The wind is blowing.  Rain comes heavily, and almost horizontally, all across the western Netherlands.  The few people on the streets are scurrying for cover and the forecast is for worse to come.

But are we downhearted?  No, because we have a full programme of eighteenth-century themed academic papers.  Here at least in Rotterdam, is a beacon of warmth and cheer.  We start with a big ol’ plenary session. Good to start with a proper plenary if only so that we can all see each other and revel in how many we are.  We had Margaret Jacobs laying down some familiar yet necessary concepts of a new market for ideas and the extent to which a New Heaven and a New Earth brought about the subversion of every providentialist assumption in our beloved and elongated century.  Freemasonry, Prince Eugene of Savoy’s library, and Dutch porn were all cited as evidence that the policing of knowledge became logistically petulant and impotent as the decades rolled by.

Then we split into sessions.  I was lucky enough to remember a properly headspinning session on theology of narrative and enjoyed two papers on Daniel Defoe and the Plasticity of Being and the narrative praxis of Wesleyan exhortation.  What does the sheer density of facts, the mountain of evidential “stuff” in a Defoe style novel tell us about perceived notions of both God and the absence of God in a universe that seems to stand in increasingly urgent need of interpretation?

(Our conference theme is “Opening Markets – Trade and Commerce in the Eighteenth Century” – but not to worry.  Like all good conference themes – it’s more of a leitmotif really – and is satisfied by the promiscuous and largely metaphorical deployment of terms like “market”, “economy”, “exchange” and “currency”.  All it takes is for two people or more people to share an idea and the conference “theme” is satisfied.)

Skipping outside into the hurricane to get our bagged lunch, the conference of course continues in miniature.  It’s not just the sessions but the spaces between the sessions where the real process of intellectual regeneration takes place.

As for the afternoon – well I was at the ISECS committee meeting.  The last meeting of the old committee.  Twilight of the Gods.  Rotterdammerung.  Our deliberations will make themselves clear and wise and good in due course.  The AGM is this evening.

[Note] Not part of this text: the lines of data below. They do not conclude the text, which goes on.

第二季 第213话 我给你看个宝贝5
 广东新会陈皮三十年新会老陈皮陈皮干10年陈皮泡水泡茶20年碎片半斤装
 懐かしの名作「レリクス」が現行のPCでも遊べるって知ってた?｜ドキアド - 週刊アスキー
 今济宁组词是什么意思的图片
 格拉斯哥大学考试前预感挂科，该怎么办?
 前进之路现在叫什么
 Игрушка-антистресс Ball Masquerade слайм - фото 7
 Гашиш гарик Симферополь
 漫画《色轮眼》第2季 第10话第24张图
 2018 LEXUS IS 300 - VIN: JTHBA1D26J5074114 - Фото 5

But the evening belonged to the reception at the Laurenskerk in the middle of town.  The one great building to be lovingly rebuilt after the entire city was wiped out in the space of a few hours in May 1940, we were given the entire church to drink in.  And to a lesser extent eat in.  And to an even lesser extent listen to a few speeches in.  There’s something very satisfying about drinking a church dry.

And so we scattered into smaller bands, we great congregation of eighteenth-centuryists.  There is nothing, absolutely nothing, so energising as constantly meeting people with whom you have enough shared knowledge in common to make the definition and conquest of one’s own areas of ignorance seem proximate and necessary.

I love it here.  I always love it here – “here” being wherever several hundred eighteenth-centuryists are gathered together.  Here, I learn.